Characterizing localized surface plasmons using electron energy-loss spectroscopy

TL;DR

This paper reviews how electron energy-loss spectroscopy (EELS) in electron microscopes can analyze nanoscale plasmonic properties of metal nanoparticles with high spatial and spectral resolution, advancing understanding in nanoplasmonics.

Contribution

It provides a comprehensive overview of EELS theory and recent experimental applications in characterizing localized surface plasmons at the nanoscale.

Findings

EELS enables high-resolution imaging of plasmonic nanoparticles.

Recent experiments demonstrate EELS's capability to probe optical properties at the nanoscale.

EELS advances understanding of plasmonic phenomena in nanostructures.

Abstract

Electron energy-loss spectroscopy (EELS) offers a window to view nanoscale properties and processes.

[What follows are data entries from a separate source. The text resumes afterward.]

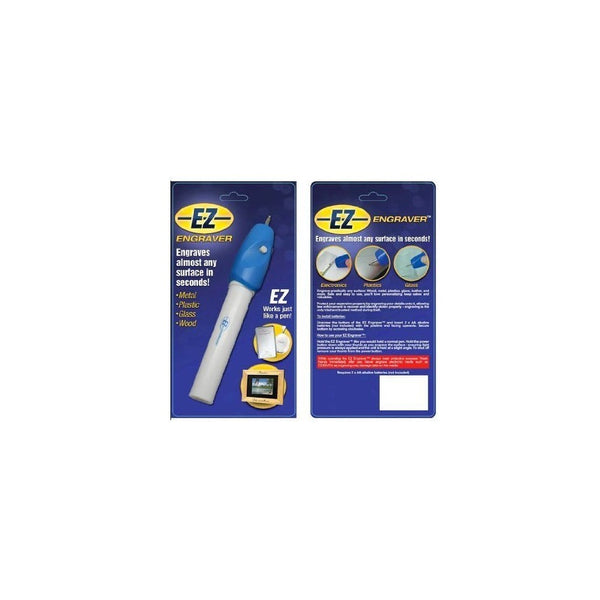 EZ Engraver Engraves Almost Any Surface in Minutes Works Like a Pen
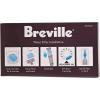Breville BWF100 Single Cup Brewer Replacement Charcoal Filters White(6 Count (Pack of 1))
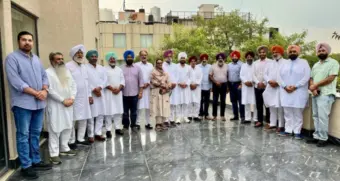 Punjab Cong leaders unite against Warring ahead of Baghel's visit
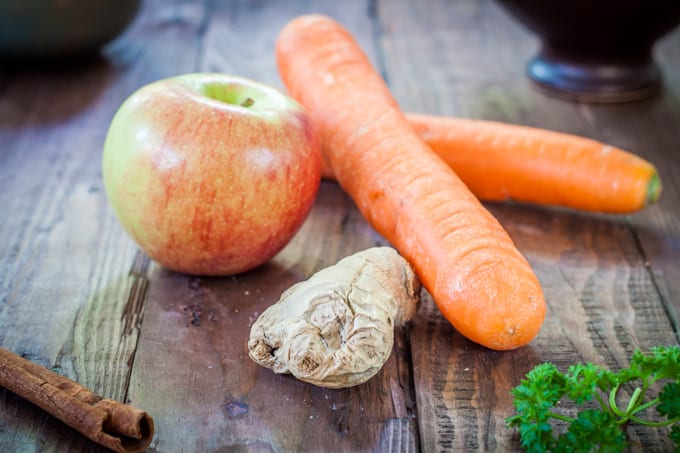 carrot ginger soup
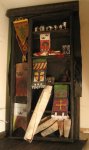 theinfill - Medieval to Jacobean dolls' house blog - making many out of one - Another cupboard dividing a room space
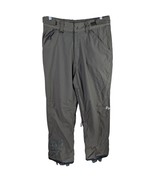 Olive Brown Snowboard Pants Mens Medium Shell ONeill Freedom Series Wate... - $49.50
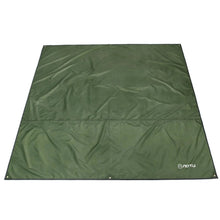 Load image into Gallery viewer, Waterproof Camping Tarp โ Multi-Purpose Rain Fly, Ground Cloth & Sunshade for Outdoor Adventures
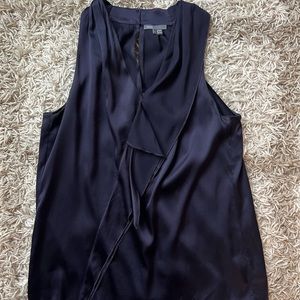 Vince silk top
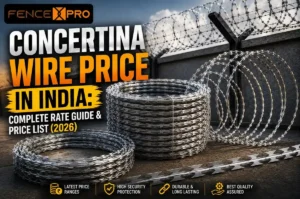 Read more about the article Concertina Wire Price in India: Complete Rate Guide, Price List & Buying Factors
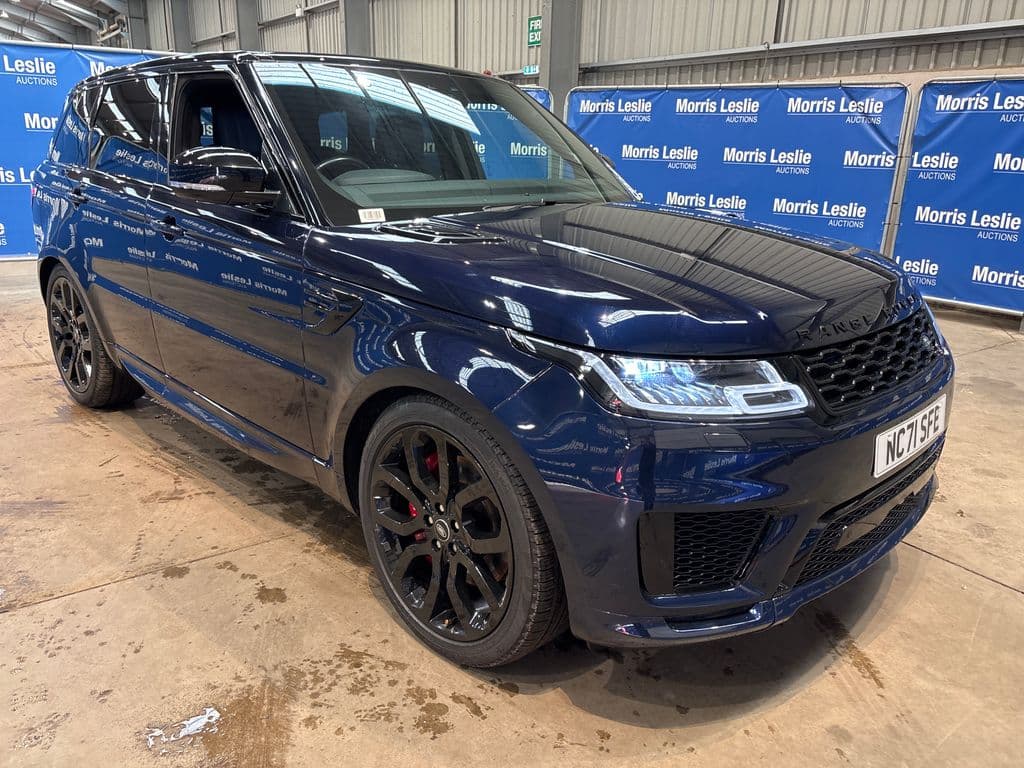 2021 Land Rover RANGE ROVER SPORT 3.0 P400 HSE Dynamic 5dr Auto - Image 1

When performed in a scanning transmission electron microscope, EELS can simultaneously render images of nanoscale objects with sub-nanometer spatial resolution and correlate them with spectroscopic information of $\sim10 - 100$ meV spectral resolution. Consequently, EELS is a near-perfect tool for understanding the optical and electronic properties of individual and few-particle plasmonic metal nanoparticles assemblies, which are significant in a wide range of fields. This review presents an overview of basic plasmonics and EELS theory and highlights several recent noteworthy experiments involving the electron-beam interrogation of plasmonic metal nanoparticle systems.